When will scientists learn to stop playing God?
Now a victim of his creation, Dr. Morbius’ blood addiction causes him to take on a violent, vampiric form. His girlfriend/fellow scientist Dr. Martine Bancrof (Adria Arjona), goes to all ends of the earth to keep her man safe. If not for his rock Martine, Michael would have nothing. Does any of this sound familiar? If so, then you don’t have to be a critic to see where every act of the film is going.
Morbius is creatively drained in almost every single element. The cinematography looks like the director of photography set up some LEDs and party lights then mixed them with strobes to create a traditional horror look. An R rating would have complimented the look appropriately. Unfortunately, Morbius might be too violent of a character to translate into PG-13 for the kids to see.

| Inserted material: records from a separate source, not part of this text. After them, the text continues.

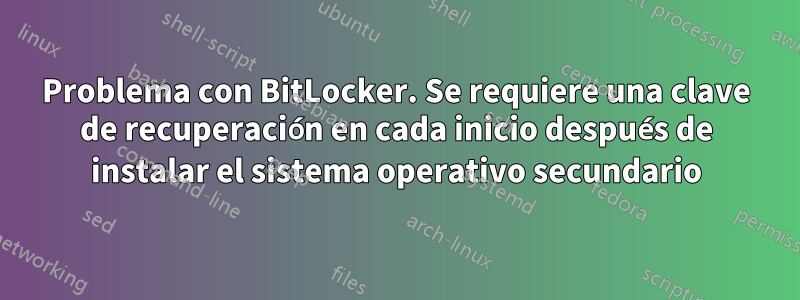 Problema con BitLocker. Se requiere una clave de recuperación en cada inicio después de instalar el sistema operativo secundario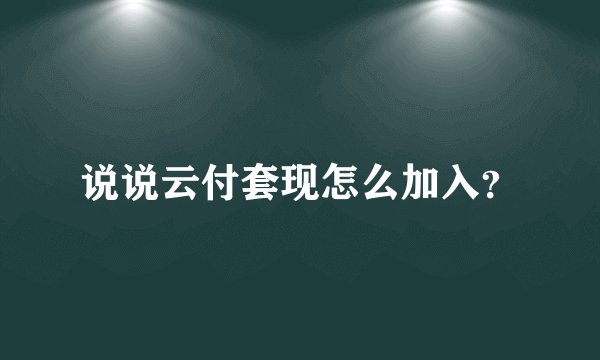 说说云付套现怎么加入？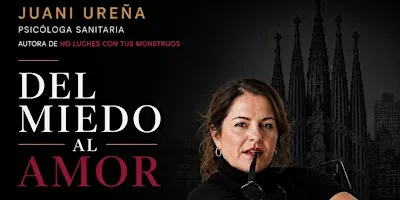 Del Miedo al Amor: La Experiencia.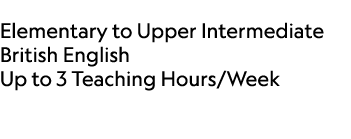  Elementary to Upper Intermediate British English Up to 3 Teaching Hours/Week 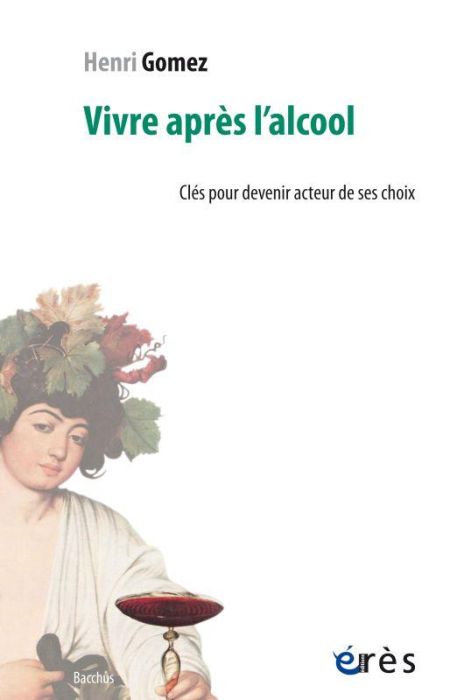 Emprunter Vivre après l'alcool / Clés pour devenir acteur de ses choix livre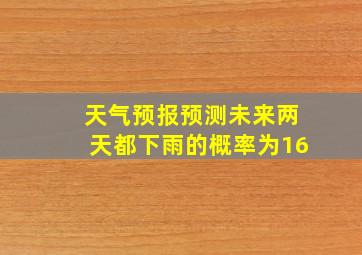 天气预报预测未来两天都下雨的概率为16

The film attempts to make the audience feel sympathy for Dr. Morbius, yet every action he takes is only in the interest of himself. Discernible character traits to make the Doctor’s fall from decency feel tragic, freeing, something, anything, would have been nice. Regrettably, no sign of life is present here. The thing that has somewhat of a heartbeat, ironically enough, is Jared Leto.
I’m not a fan of Jared Leto. He’s like a younger Johnny Depp who slaps on silly voices rather than getting into another character’s skin. He can’t fake it then break it like Robert Pattinson can, nor can he mold his persona in a way that resonates with audiences like a Tom Hanks everyman. Jared is a pretty dull guy to watch. Yet, he has the most personality next to Matt Smith who’s chewing the scenery every chance he gets. The dryness of Mr. Leto translates well for the role of a brilliant, unorthodox oddball scientist.
Works as a B movie, fails as an A movie
Morbius is a rushed, inadvertently hilarious romp containing long stretches of boredom that already escaped my memory, probably because Dr. Morbius’s quest to defy God sent me into dreamland a third of the way into the story. Luckily the booming soundtrack kept me awake enough to see the usual comic book movie ending where the hero and villain duke it out in a final boss fight. Speaking of which, don’t expect the action to be particularly noteworthy. The CGI looks like the smoke effects from PS4’s Infamous: Second Son.
Upon entering the elevator to leave the theater, I heard a group of friends conversing, “it’s not as bad as I thought, but it could get a cult following.” By cult following, I’m assuming it’s in the fashion of Trolls 2. Sincerely, as a B movie, Morbius can be a lot of fun to watch. But that’s an experience that can be enjoyed in your home with a few friends. If you want a good laugh, you can’t do better than Sony’s newest horror film, however it’s probably better to spend your money on intentional comedy if looking for a few laughs.